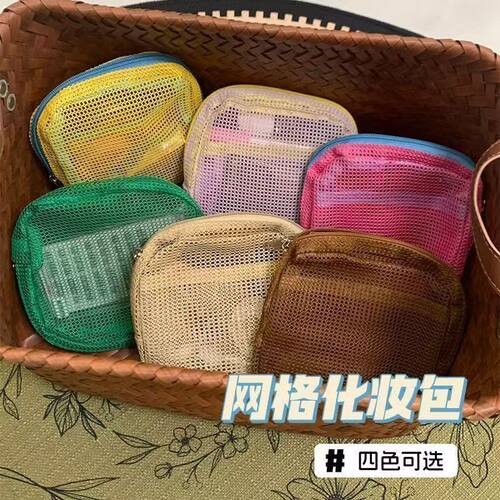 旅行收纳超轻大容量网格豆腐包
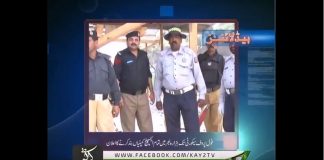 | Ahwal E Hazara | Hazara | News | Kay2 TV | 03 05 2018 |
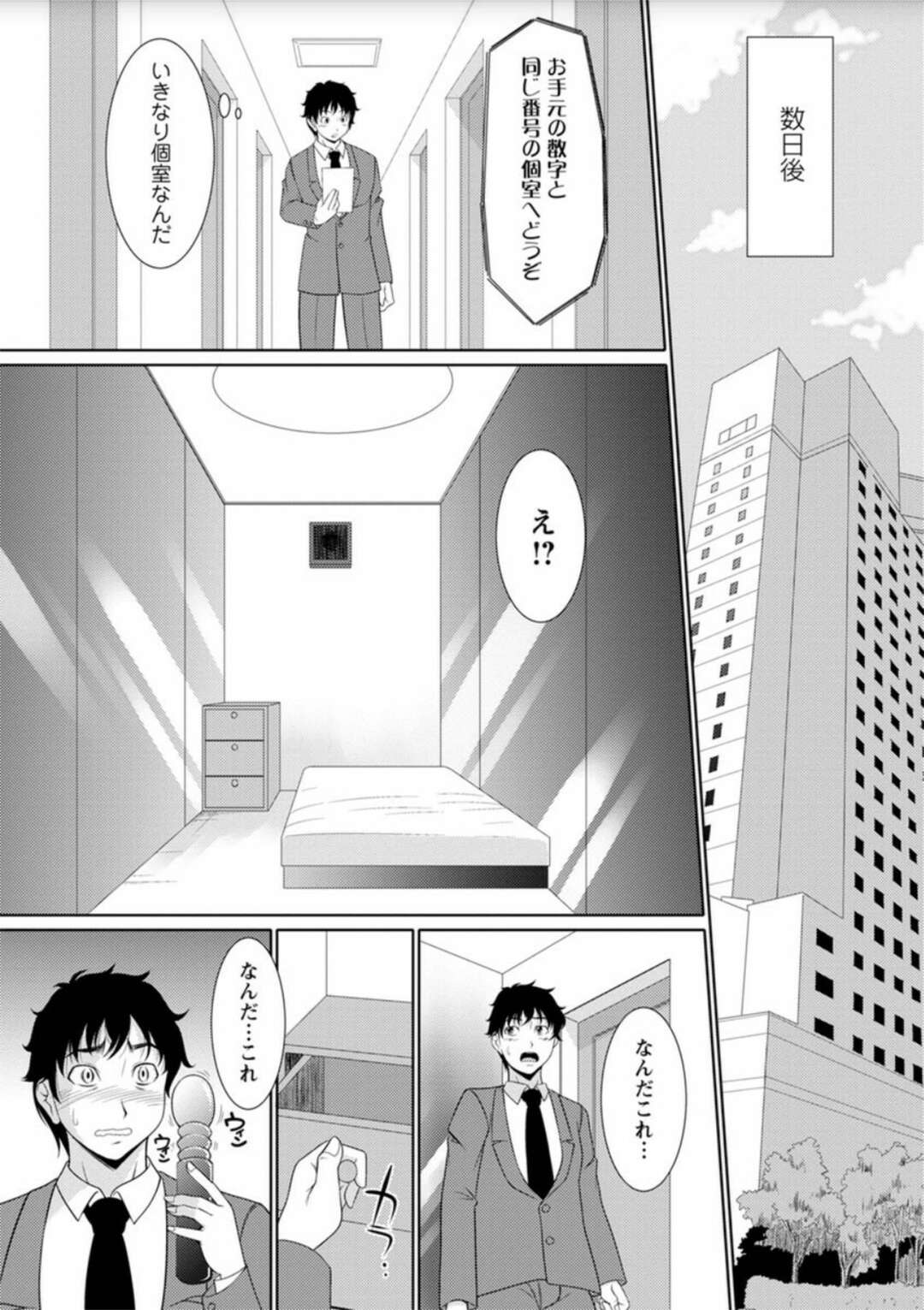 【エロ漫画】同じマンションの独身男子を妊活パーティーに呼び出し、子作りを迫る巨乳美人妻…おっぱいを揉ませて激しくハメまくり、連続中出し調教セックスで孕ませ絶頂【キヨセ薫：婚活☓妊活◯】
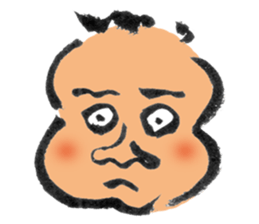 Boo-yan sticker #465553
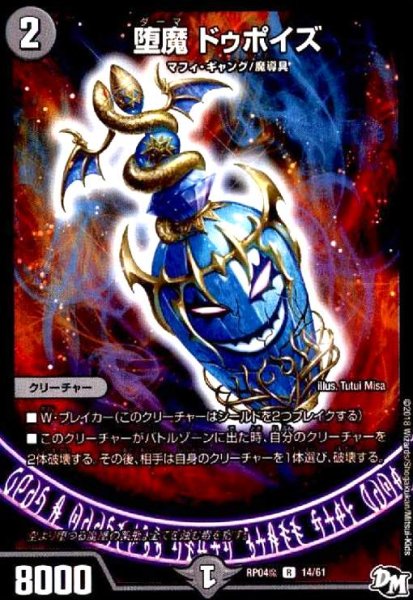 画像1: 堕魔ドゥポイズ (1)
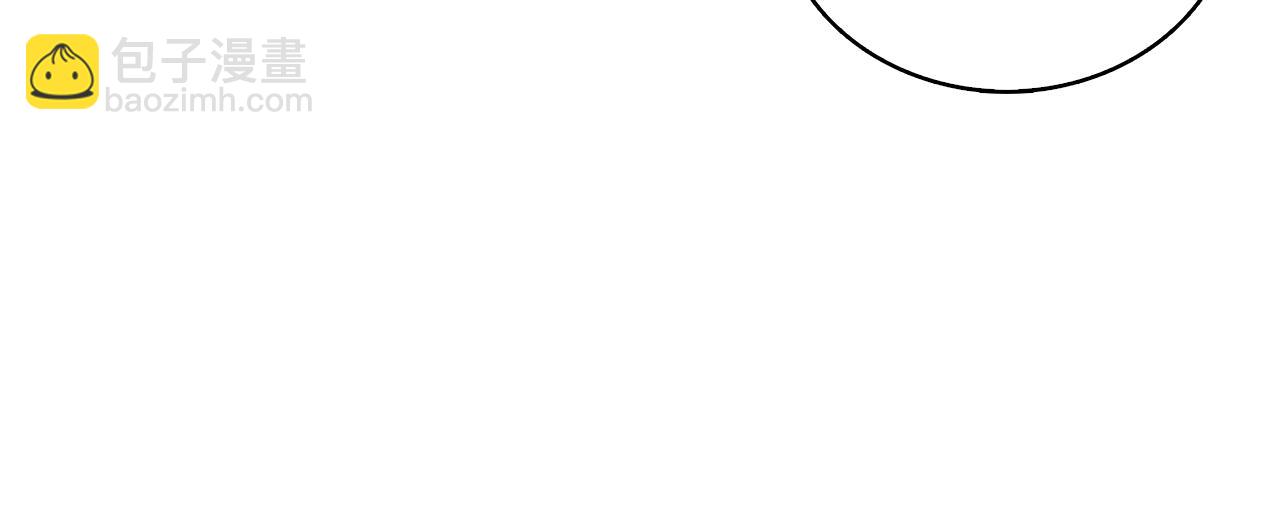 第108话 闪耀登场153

#### Problem details:
Send back the data above word for word, with the pictures left out.

#### Solution:
 旅行收纳超轻大容量网格豆腐包
 | Ahwal E Hazara | Hazara | News | Kay2 TV | 03 05 2018 |
 【エロ漫画】同じマンションの独身男子を妊活パーティーに呼び出し、子作りを迫る巨乳美人妻…おっぱいを揉ませて激しくハメまくり、連続中出し調教セックスで孕ませ絶頂【キヨセ薫：婚活☓妊活◯】
 Boo-yan sticker #465553
 画像1: 堕魔ドゥポイズ (1)
 第108话 闪耀登场153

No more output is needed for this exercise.